From the Guidelines
When assessing a 70-year-old who has fallen and possibly broken their hip, EMS providers should prioritize prompt transport to a facility with orthopedic capabilities, as early surgical intervention (within 24-48 hours) significantly improves outcomes for hip fractures in elderly patients 1.
Initial Assessment
The initial assessment should include ensuring scene safety and performing a primary assessment of airway, breathing, and circulation. Ask about the mechanism of injury, pain location and severity (using a 0-10 scale), and any inability to bear weight. Look for physical signs including shortening and external rotation of the affected leg, bruising, swelling, and deformity at the hip.
Pain Management
Pain management is essential, and consider using a multimodal pain mitigation approach, including peripheral block, as recommended by the American Academy of Orthopaedic Surgeons 1. Fentanyl 25-50 mcg IV/IN or morphine 2-5 mg IV titrated to effect can be used for pain management.
Immobilization and Transport
Immobilize the hip using a scoop stretcher or long backboard with padding and secure the legs together to prevent movement. Apply ice packs to reduce swelling. Establish IV access for fluid resuscitation if signs of shock are present. Document the time of injury, medical history, medications (especially blood thinners), allergies, and last meal.
Key Considerations
Key considerations during transport include:
- Continuously reassessing vital signs and pain levels
- Providing prompt transport to a facility with orthopedic capabilities
- Ensuring access to critical care facilities, if necessary, as recommended by the Association of Anaesthetists 1
- Developing specific discharge criteria to direct postoperative care, as suggested by the Association of Anaesthetists 1
From the Research
Initial Assessment and Treatment
- For a 70-year-old who feels they may have broken their hip, it is essential to seek immediate medical attention, as hip fractures can lead to severe complications if not treated promptly 2.
- The initial assessment should include evaluating the patient's medical history, current medications, and performing a physical examination to determine the best course of treatment.

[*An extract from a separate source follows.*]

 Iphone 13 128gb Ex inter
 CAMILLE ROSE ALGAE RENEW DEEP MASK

- Preoperative care should focus on correcting any medical abnormalities and considering the appropriateness, timing, and type of surgical repair in the context of the patient's life expectancy and goals of care 2.
Pain Management
- Effective pain management is crucial for patients with hip fractures, as it can help reduce discomfort and facilitate early mobilization 3.

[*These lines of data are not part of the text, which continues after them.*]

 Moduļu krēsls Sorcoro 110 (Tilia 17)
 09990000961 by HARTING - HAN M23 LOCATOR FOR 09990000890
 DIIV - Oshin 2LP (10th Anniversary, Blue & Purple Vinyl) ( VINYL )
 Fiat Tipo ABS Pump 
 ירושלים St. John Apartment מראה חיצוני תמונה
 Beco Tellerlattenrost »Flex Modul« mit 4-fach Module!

- Studies have shown that fascia iliaca compartment block (FICB) can be an effective method for managing postoperative pain in hip fracture patients, with lower visual analog scale (VAS) pain scores compared to intravenous acetaminophen 3.
- Intravenous acetaminophen has also been shown to improve postoperative outcomes in hip fracture patients, including reduced opioid use and shorter hospital stays 4.
Perioperative Management
- Perioperative management of patients with hip fractures should include prophylaxis with antibiotics, chemoprophylaxis for venous thromboembolism, and correction of major clinical abnormalities prior to surgery 2.
- For patients receiving anticoagulant or antiaggregant treatment, a multimodal management approach is recommended, including early surgery, peripheral nerve blocks, and optimization of haemostasis, haemoglobin, and venous thromboprophylaxis 5.
Multimodal Analgesia
- The use of multimodal non-opioid analgesia, such as combining acetaminophen with non-steroidal anti-inflammatory drugs (NSAIDs), may be beneficial in reducing in-hospital complications and improving outcomes in hip fracture patients 6.
- However, the effectiveness and safety of this approach should be carefully evaluated, and patients should be closely monitored for potential adverse effects.